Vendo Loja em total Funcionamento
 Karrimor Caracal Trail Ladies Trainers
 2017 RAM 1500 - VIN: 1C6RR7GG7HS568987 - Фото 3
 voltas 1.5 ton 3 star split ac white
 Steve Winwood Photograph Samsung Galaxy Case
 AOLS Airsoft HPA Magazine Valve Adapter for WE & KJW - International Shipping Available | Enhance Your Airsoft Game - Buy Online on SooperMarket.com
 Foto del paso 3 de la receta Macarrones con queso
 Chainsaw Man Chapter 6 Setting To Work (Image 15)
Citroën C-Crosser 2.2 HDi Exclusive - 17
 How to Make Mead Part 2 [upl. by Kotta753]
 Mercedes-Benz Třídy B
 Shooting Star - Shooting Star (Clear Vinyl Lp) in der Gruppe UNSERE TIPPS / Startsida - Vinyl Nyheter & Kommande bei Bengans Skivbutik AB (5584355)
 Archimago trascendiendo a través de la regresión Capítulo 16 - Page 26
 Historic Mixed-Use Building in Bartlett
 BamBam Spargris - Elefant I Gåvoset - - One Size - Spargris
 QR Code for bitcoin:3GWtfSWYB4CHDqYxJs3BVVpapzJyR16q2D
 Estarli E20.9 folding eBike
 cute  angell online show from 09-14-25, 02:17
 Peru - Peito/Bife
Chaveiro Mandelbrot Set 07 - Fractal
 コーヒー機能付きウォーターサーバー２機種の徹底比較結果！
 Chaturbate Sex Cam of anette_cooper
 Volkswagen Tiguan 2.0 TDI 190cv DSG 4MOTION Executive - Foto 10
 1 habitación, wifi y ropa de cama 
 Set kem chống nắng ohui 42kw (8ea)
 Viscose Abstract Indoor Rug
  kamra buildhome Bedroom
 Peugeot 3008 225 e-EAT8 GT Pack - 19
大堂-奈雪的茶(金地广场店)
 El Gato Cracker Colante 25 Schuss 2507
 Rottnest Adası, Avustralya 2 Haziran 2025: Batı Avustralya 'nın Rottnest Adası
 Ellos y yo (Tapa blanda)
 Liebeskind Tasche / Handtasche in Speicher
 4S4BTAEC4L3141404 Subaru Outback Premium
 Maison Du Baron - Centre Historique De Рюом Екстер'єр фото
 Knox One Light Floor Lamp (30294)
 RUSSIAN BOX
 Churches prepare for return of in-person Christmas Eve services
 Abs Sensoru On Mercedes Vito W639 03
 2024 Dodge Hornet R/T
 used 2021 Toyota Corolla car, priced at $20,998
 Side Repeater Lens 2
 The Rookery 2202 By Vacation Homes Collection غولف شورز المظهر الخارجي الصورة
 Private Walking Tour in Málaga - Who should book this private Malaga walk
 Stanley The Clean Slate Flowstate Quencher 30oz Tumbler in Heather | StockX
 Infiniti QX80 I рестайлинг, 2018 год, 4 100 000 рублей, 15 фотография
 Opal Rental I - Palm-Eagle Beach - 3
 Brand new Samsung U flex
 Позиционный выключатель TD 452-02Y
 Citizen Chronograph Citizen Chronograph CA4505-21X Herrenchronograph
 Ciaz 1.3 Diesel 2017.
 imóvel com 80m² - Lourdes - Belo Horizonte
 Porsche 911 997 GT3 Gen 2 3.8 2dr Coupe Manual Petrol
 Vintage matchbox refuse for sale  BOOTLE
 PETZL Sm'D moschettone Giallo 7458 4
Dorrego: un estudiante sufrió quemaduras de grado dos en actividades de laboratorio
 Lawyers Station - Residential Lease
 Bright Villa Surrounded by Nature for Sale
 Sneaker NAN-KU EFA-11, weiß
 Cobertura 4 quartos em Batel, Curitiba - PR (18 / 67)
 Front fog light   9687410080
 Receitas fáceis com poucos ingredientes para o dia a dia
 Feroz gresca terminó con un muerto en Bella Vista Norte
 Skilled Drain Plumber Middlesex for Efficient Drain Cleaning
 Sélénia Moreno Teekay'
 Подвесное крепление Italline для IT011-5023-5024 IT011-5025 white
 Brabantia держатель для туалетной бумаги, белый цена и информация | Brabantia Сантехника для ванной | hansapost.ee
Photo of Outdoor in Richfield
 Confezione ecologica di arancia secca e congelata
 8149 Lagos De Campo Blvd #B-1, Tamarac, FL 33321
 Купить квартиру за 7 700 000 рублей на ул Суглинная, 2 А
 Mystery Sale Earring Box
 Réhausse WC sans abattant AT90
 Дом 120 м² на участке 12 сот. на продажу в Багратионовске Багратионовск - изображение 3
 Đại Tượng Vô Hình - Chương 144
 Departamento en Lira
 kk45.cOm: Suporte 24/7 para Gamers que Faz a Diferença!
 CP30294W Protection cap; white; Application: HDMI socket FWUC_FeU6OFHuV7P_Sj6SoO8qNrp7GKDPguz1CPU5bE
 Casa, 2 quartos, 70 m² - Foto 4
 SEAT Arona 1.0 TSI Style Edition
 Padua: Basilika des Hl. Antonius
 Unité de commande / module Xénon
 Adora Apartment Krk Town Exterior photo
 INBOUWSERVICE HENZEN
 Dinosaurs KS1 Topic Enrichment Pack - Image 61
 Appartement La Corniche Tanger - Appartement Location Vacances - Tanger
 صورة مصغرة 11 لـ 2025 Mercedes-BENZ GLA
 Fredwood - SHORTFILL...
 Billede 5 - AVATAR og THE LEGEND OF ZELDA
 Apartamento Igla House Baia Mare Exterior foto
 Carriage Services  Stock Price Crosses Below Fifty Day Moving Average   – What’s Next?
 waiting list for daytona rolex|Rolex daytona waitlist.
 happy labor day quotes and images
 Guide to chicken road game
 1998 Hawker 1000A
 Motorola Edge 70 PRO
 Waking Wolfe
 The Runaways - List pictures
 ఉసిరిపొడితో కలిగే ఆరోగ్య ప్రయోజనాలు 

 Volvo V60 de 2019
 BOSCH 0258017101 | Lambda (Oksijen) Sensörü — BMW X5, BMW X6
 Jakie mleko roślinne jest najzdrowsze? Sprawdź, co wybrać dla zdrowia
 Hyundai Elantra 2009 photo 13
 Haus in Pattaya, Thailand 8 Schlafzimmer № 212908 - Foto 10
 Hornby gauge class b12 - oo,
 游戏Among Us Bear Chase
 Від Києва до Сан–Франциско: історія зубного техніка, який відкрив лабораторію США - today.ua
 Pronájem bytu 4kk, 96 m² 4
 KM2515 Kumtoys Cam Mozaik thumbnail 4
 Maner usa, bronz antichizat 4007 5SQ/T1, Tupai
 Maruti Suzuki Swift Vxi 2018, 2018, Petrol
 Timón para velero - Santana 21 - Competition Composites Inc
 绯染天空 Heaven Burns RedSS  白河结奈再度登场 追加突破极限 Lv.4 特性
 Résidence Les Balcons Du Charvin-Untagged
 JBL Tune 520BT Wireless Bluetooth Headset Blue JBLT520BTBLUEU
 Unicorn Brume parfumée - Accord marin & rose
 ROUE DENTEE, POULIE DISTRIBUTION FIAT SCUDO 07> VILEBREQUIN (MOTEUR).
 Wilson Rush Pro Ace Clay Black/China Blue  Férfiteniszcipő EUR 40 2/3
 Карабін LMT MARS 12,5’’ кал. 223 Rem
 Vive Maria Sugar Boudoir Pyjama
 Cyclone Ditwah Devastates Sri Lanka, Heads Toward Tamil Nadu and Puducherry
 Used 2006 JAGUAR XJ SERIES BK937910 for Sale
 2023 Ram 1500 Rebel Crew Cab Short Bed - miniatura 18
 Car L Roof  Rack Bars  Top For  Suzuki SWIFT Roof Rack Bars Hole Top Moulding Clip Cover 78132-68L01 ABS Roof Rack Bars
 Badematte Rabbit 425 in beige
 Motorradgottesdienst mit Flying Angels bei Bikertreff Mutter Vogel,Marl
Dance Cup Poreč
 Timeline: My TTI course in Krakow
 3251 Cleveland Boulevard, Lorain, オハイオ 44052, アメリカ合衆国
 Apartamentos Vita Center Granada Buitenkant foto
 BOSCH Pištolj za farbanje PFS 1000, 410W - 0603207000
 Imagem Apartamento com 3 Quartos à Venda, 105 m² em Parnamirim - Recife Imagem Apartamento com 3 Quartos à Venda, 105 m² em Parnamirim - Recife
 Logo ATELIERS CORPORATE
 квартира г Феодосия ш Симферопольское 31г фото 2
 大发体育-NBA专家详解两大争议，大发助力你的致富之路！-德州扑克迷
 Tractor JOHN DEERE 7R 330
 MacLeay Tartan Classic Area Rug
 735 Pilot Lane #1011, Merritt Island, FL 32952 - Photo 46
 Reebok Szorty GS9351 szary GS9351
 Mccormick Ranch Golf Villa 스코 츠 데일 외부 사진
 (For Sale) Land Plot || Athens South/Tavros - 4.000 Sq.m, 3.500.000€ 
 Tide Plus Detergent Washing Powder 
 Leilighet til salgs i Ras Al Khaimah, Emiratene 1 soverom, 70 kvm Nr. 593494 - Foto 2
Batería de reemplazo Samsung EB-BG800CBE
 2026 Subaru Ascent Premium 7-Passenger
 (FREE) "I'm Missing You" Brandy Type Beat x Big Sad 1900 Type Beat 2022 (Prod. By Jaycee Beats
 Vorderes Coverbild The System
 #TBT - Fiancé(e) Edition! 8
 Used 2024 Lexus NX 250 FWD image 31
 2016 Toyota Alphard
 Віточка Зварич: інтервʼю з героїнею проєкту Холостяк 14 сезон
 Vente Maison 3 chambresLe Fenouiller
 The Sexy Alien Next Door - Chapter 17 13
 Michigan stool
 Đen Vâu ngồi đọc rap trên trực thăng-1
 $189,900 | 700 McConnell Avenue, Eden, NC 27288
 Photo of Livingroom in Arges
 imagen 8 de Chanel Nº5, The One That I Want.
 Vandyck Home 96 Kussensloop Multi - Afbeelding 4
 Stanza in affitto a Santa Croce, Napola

> **Prompt**
Collect the lines of the records that include the string "para".

> **Worked solution**
 Receitas fáceis com poucos ingredientes para o dia a dia
 kk45.cOm: Suporte 24/7 para Gamers que Faz a Diferença!
 Timón para velero - Santana 21 - Competition Composites Inc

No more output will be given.